Tuesday, August 30, 2005

Tibetans Being Left Out of "Boom"

LHASA, China, 30 Aug (Reuters) - Tibet's capital is booming, but for Gucang Dunzhu, it doesn't
much matter.

The Lhasa local government boasts 12 percent growth rates for the past four years, driven by
massive investment from Beijing aimed at jumpstarting the largely agrarian economy.

But when he left his village in Tibet's mountainous hinterland and came to the city 11 years ago,
Gucang Dunzhu spoke only Tibetan and knew no life beyond that of a herdsman, leaving him few
skills to capitalise on the boom.

"It's not easy to find work," said the 29-year-old, who eventually found a job in a cement
factory.

As China celebrates the anniversary on September 1, of Tibet's becoming an "autonomous region" of
the People's Republic in 1965, it will be aiming to showcase its national integration.

But analysts say that, 40 years on, society is more fractured than ever, with Tibetans becoming an
underclass lacking the skills to participate in Beijing-driven industrialisation.

Tibet has been ruled by China since the People's Liberation Army invaded the Himalayan territory
in 1950. Nine years later, Tibet's god-king, the Dalai Lama, fled on horseback after a failed
uprising against Chinese rule.

The vast, sparsely populated region known as "the roof of the world" was designated the Tibetan
Autonomous Region in 1965, a gesture Beijing made to other areas with large ethnic minority
populations too to give them more say over their own affairs.

At the same time, Beijing encouraged Han Chinese migration, both to underscore its claim to Tibet
and in hopes that wealth generated by entrepreneurial migrants would trickle down.

Instead of wealth building harmony, though, analysts say it is contributing to a rich-poor gap
that falls along ethnic lines.

"The government expansion is being driven by Beijing, it's not being driven locally.
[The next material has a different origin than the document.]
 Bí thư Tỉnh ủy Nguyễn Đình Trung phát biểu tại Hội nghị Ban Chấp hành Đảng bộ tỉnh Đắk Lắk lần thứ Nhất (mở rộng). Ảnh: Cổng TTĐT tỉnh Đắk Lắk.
And that's
creating a very polarised economy," said Andrew Fischer, a development economist at the London
School of Economics and Political Science.

GOLDEN YAKS

In the centre of Lhasa, two giant golden yaks grace a roundabout, a gift from Beijing to celebrate
the 40th anniversary of Tibet's "peaceful liberation" and a reminder that for centuries herding
yaks and farming have been central to Tibetans' way of life. But for this anniversary, analysts
say, it's not yaks or monuments that Tibet needs, but schools.

Only about 13 percent of Tibetans have secondary school education or above, Fischer said, compared
with 50 percent of Han Chinese. Forty percent of Tibetans are illiterate.
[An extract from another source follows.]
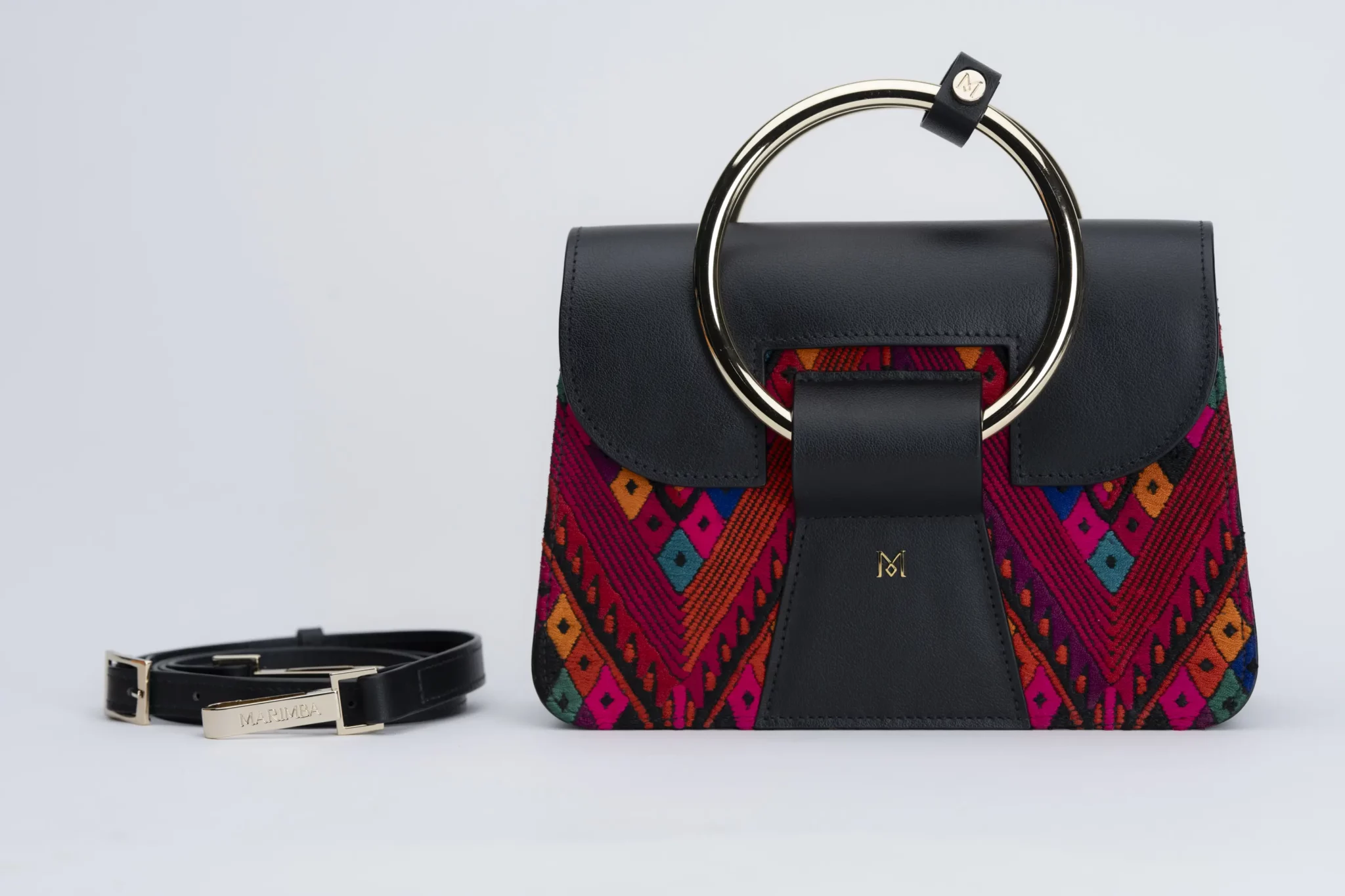 Sac à main en cuir et Huipil de Marimba Couture, modèle El Nativo de couleur noir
That translates into a yawning income gap exacerbating the ethnic divide.

"The difference in income is there, but that's because they (Chinese and Tibetans) are engaged in
different industries," said Xu Jianchang, of Tibet's Development and Reform Commission.

He acknowledged that education programmes that might allow Tibetans to move off the farm and into
industries were in their infancy.

"Right now the scale is very small," Xu said, adding that about 15 million yuan (1 million pounds)
per year was being allocated for training -- less than $1 for each of Tibet's roughly 2.7 million
people.

Just kilometres away from his office, a gleaming white bridge spans the Lhasa river, its three
arches designed to invoke the drape of a prayer shawl in a nod to deeply Buddhist Tibetans.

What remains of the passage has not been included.